*** DATA FOR ANALYSIS ***

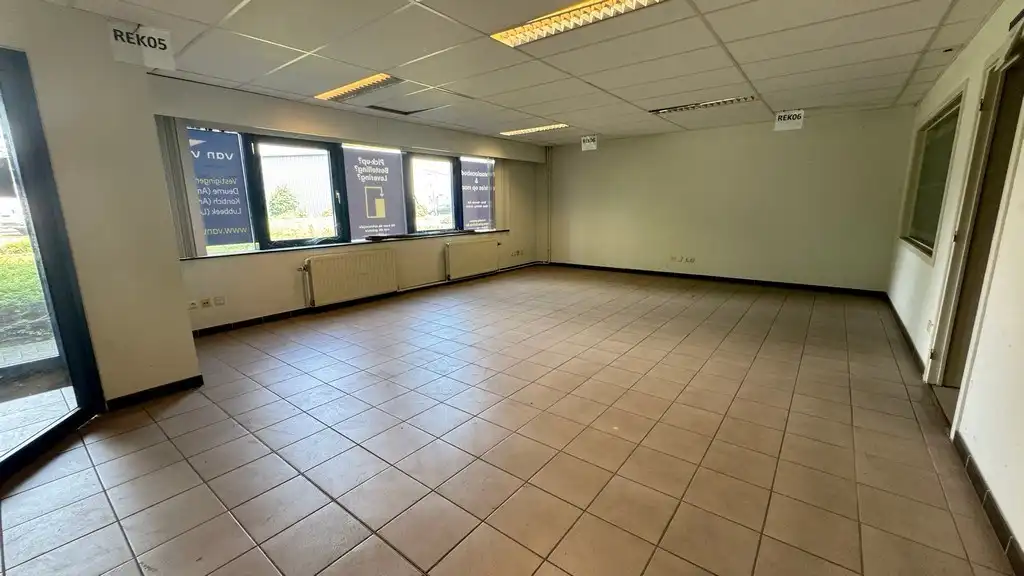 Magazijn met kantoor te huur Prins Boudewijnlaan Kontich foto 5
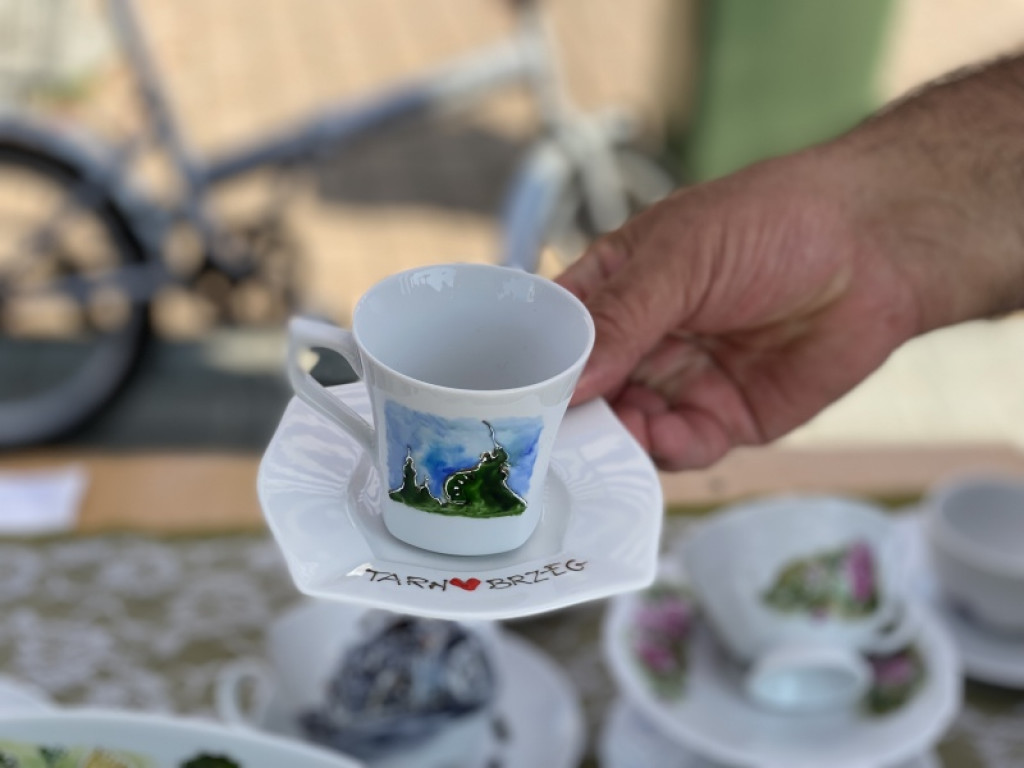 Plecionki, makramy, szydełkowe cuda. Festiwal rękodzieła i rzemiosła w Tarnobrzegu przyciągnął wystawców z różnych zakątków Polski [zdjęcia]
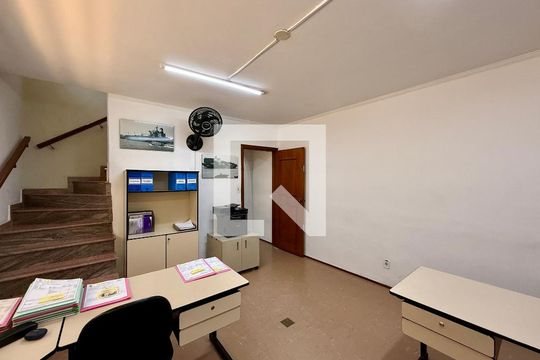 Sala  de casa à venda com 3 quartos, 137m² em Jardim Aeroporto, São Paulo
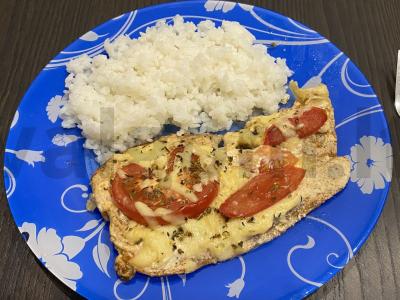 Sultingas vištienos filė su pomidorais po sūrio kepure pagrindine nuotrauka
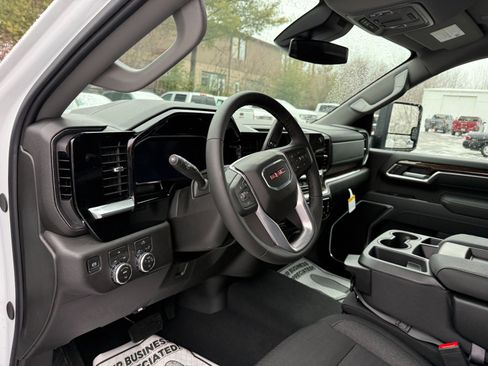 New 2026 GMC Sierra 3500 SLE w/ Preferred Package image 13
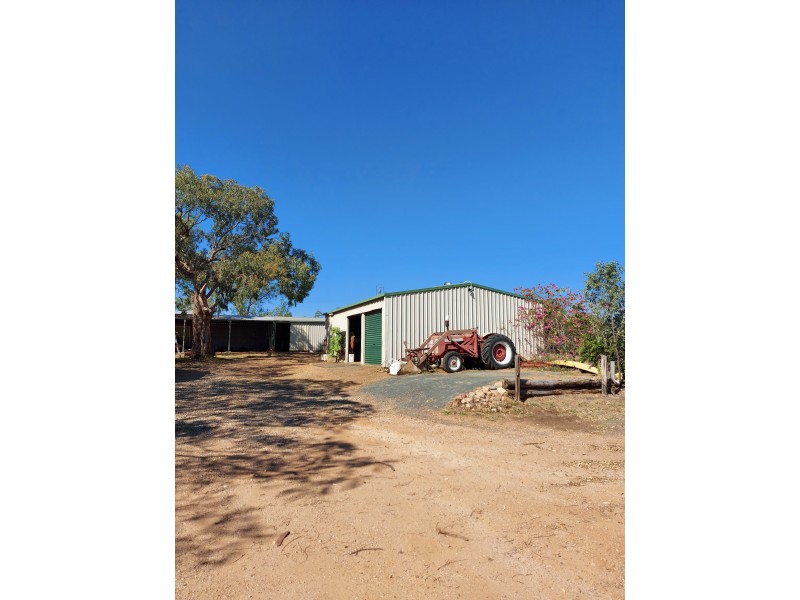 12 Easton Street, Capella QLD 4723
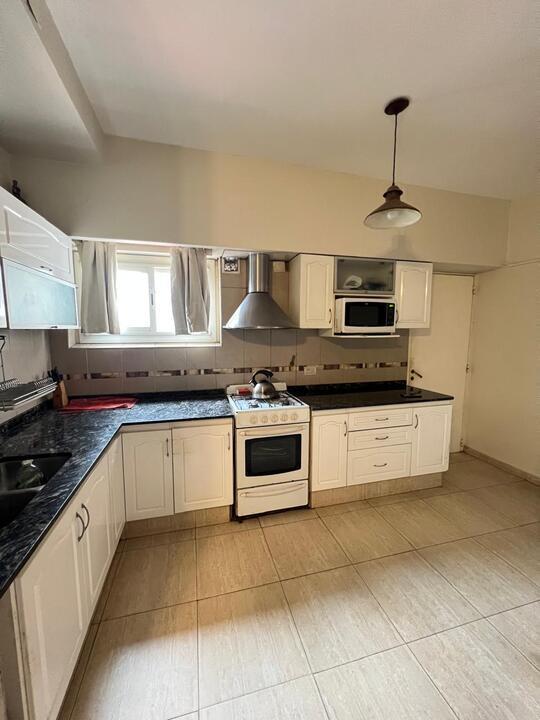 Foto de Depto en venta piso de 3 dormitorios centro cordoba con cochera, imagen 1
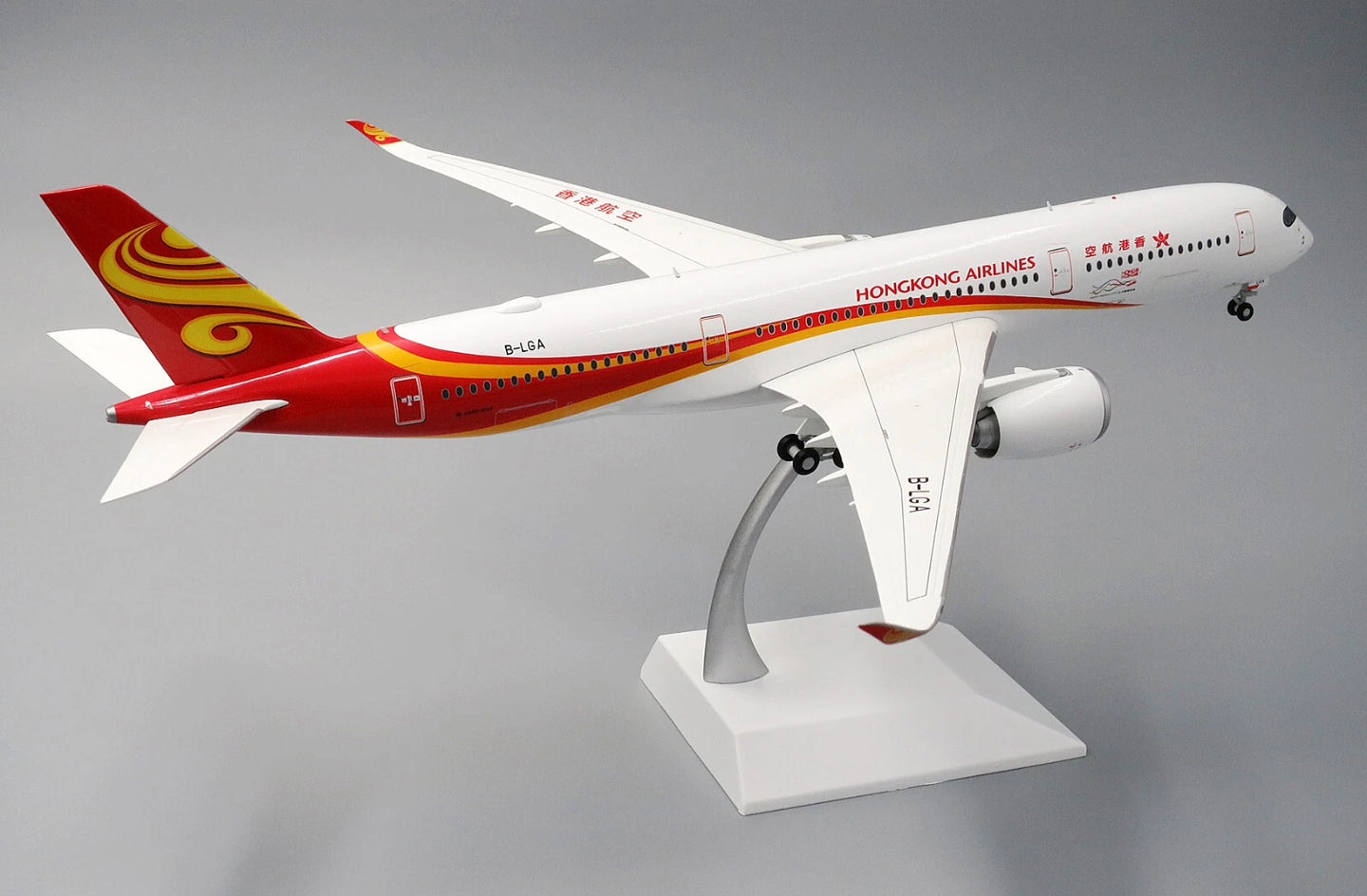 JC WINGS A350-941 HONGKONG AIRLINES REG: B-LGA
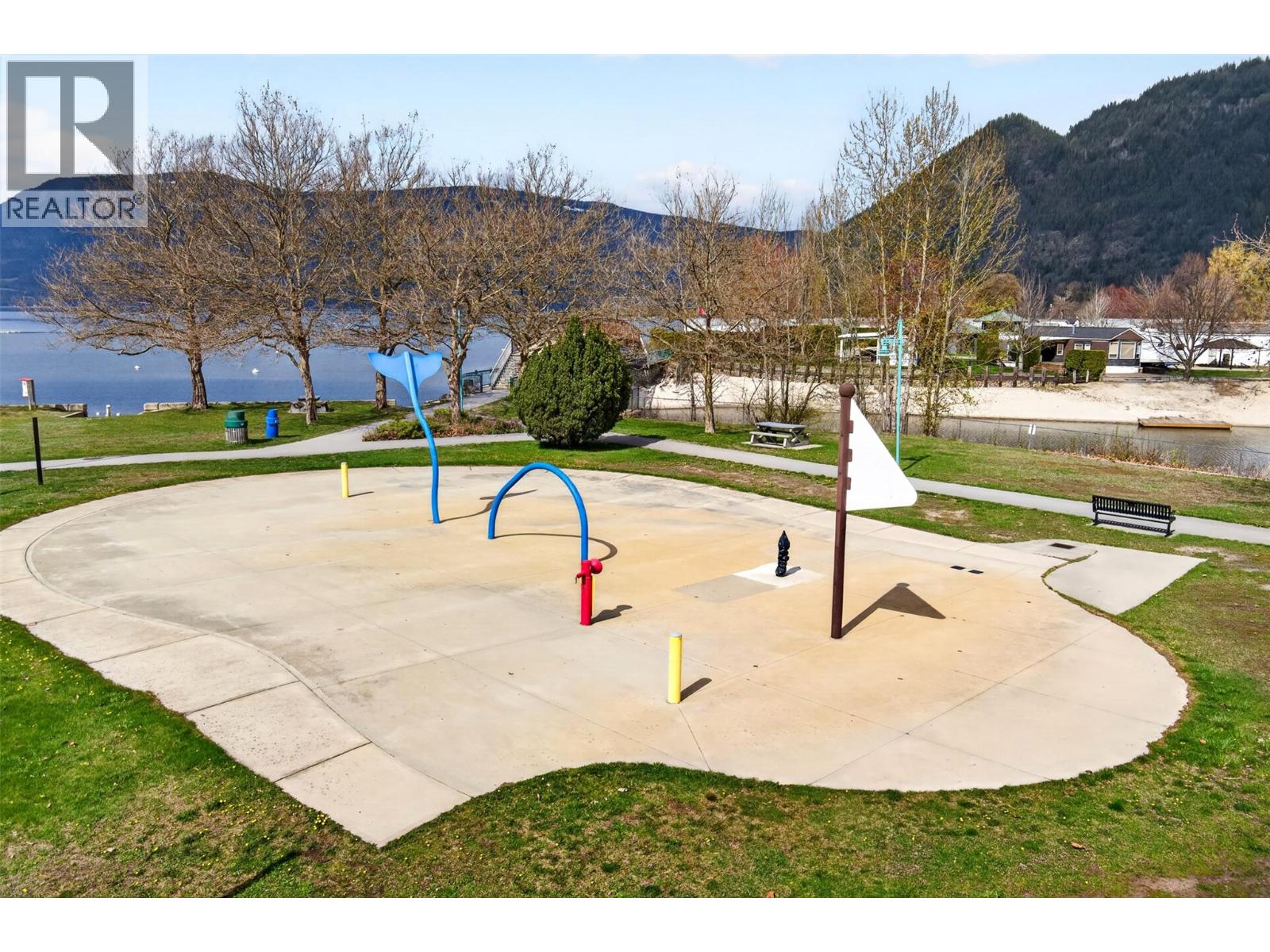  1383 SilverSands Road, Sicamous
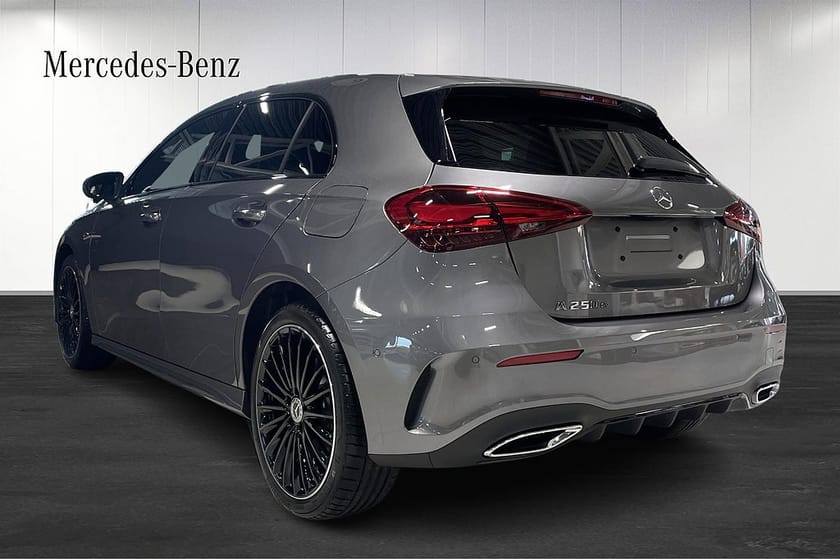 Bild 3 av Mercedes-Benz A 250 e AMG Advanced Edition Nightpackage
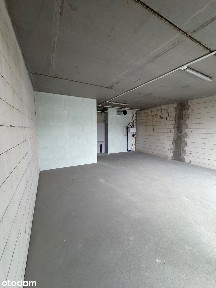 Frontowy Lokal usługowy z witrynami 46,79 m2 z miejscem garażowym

*** End of DATA FOR ANALYSIS ***

TASK REQUIREMENTS: Print only the lines running from the one containing "12 Easton Street, Capella QLD 4723" to the end of the data above, exactly; include no pictures.

SOLUTION TO THIS TASK:
 12 Easton Street, Capella QLD 4723
 Foto de Depto en venta piso de 3 dormitorios centro cordoba con cochera, imagen 1
 JC WINGS A350-941 HONGKONG AIRLINES REG: B-LGA
  1383 SilverSands Road, Sicamous
 Bild 3 av Mercedes-Benz A 250 e AMG Advanced Edition Nightpackage
 Frontowy Lokal usługowy z witrynami 46,79 m2 z miejscem garażowym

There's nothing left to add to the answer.